### Material provided
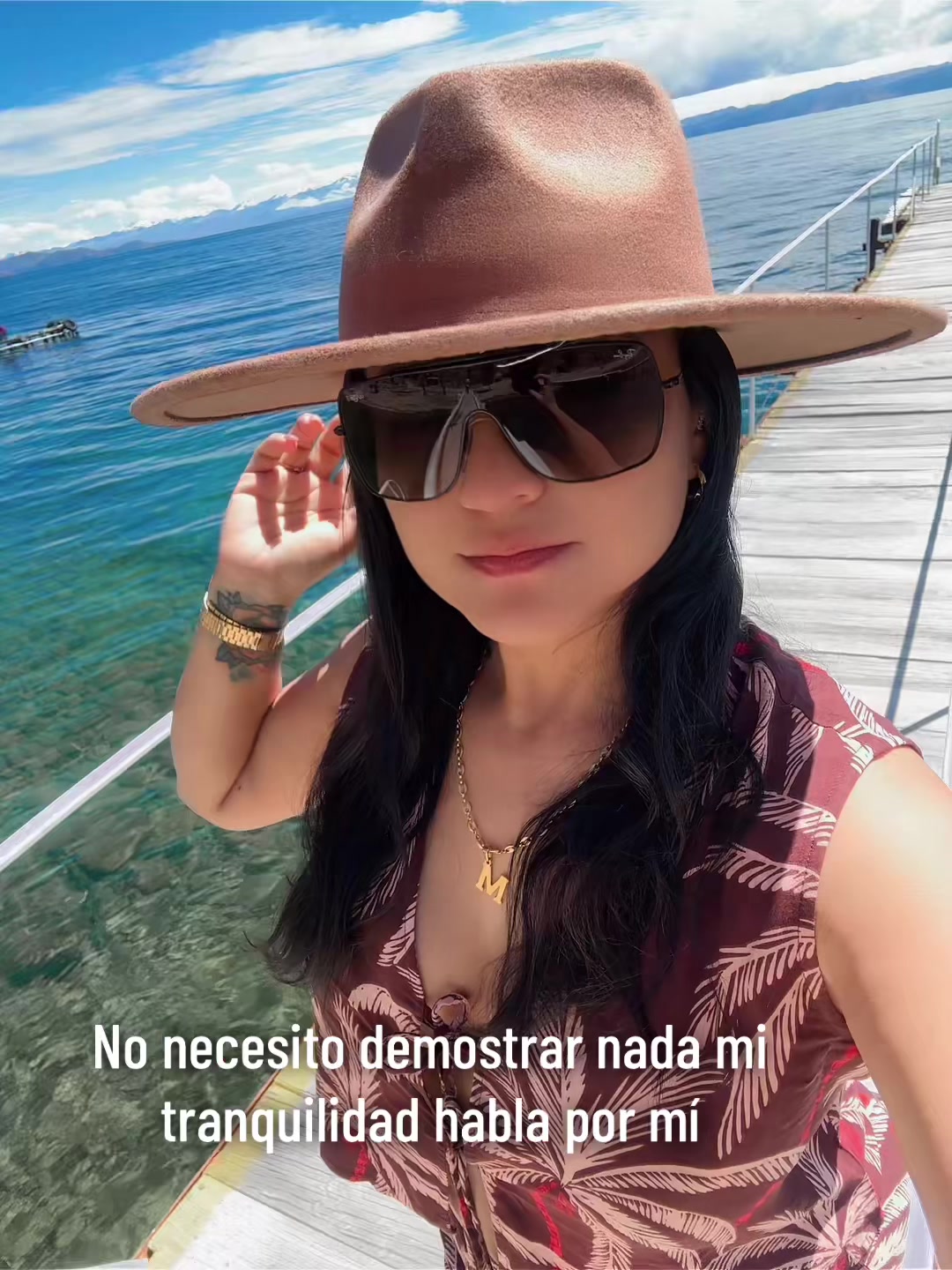 @Mai Gonzalez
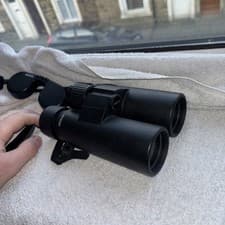 Image of Binoculars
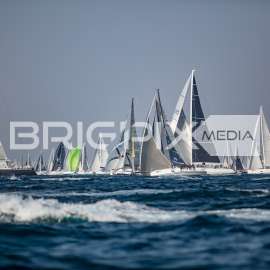 Barcolana /2018 - 1405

### What is needed
Give the data again word for word, without pictures.

### Worked solution
 @Mai Gonzalez
 Image of Binoculars
 Barcolana /2018 - 1405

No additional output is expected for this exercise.